Last week the Apollo Capital team dialled into a webinar focused on crypto regulation. The webinar was jointly held by CoinDesk and DLA Piper. A panel of experts reported on the recent gathering of the Organisation for Economic Co-Operation and Development (OECD) on crypto regulation. The session was one of the most comprehensive meetings of senior regulators, bringing together central bankers, the Financial Conduct Authority (UK), the European Securities and Markets Authority (ESMA) and the Financial Stability Board.
Here is a summary of key points from the webinar:
There are two broad competing tensions facing regulators: promoting growth while protecting consumers. On one hand, crypto is viewed as a huge opportunity to drive forward growth on a global scale. On the other hand, regulators are wary of protecting consumers and investors from unscrupulous operators, ICOs trying to circumvent existing regulation, and ensuring financial stability.

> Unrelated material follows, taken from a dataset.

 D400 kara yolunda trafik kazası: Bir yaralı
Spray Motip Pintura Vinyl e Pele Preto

Regulators are taking different approaches. China has banned ICOs, India has expressed concerns. Gibraltar and Switzerland have proactively encouraged development of token products. Approaches differ despite the umbrella regulator for the regulators, the International Organization of Securities Commission (IOSCO), issuing principles and guidance. Christine Lagarde, the Managing Director of the International Monetary Fund (IMF), recently stated that “because crypto-assets know no boundaries, international cooperation will be essential.” It’s heartening to see global regulators promoting intergovernmental cooperation. Apollo Capital supports this but is also aware of the difficulties in establishing regulatory frameworks at a global level.

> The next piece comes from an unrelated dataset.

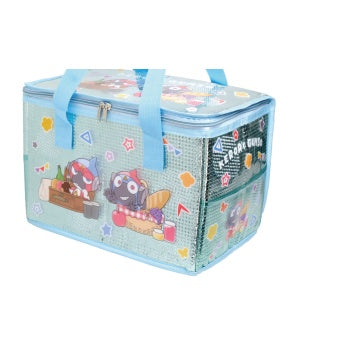 Blue Sgt. Frog Kiratsuya cooler bag - detail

Forum shopping is a concern. Regulators are concerned about ICO issuers ‘shopping around’ for the most favourable jurisdictions. In an increasingly globalised society, jurisdiction shopping is becoming prevalent. Countries that take an anti-crypto stance risk losing innovative projects to more friendly jurisdictions.
This is a different type of technology may not fit the paradigm that applied when laws were set out in 1930s and 1940s.
In the US, Federal laws are the biggest obstacles pushing ICO issuers outside of the US. Despite progress from States like Wyoming, Federal securities laws trump State laws. While State laws have frequently been test grounds for new Federal regulations, the US risks losing the battle of crypto innovation. In terms of enforcement, the SEC hasn’t yet reprimanded anything that hasn’t been outright fraud. For example, the SEC highlighted the DAO as a security that contravened securities laws. However, the SEC hasn’t taken any enforcement action.
We are seeing signs of progress. Earlier this year in February, the US State of Wyoming unanimously passed two pro-crypto Bills. HB 70 defines utility tokens as neither traditional money nor securities. HB 19 exempts cryptocurrency from money transmission laws. Combined, the bills recognise utility tokens under law as a new class of property.
From an investor’s perspective, Apollo Capital’s approach to regulation is clear - buyer beware. As managers of an actively traded portfolio, we remain careful not to invest in crypto assets that likely contravenine current securities legislation. It’s not worth the risk.
Apollo Capital will continue to watch the global regulatory framework evolve. We look forward to keeping you updated.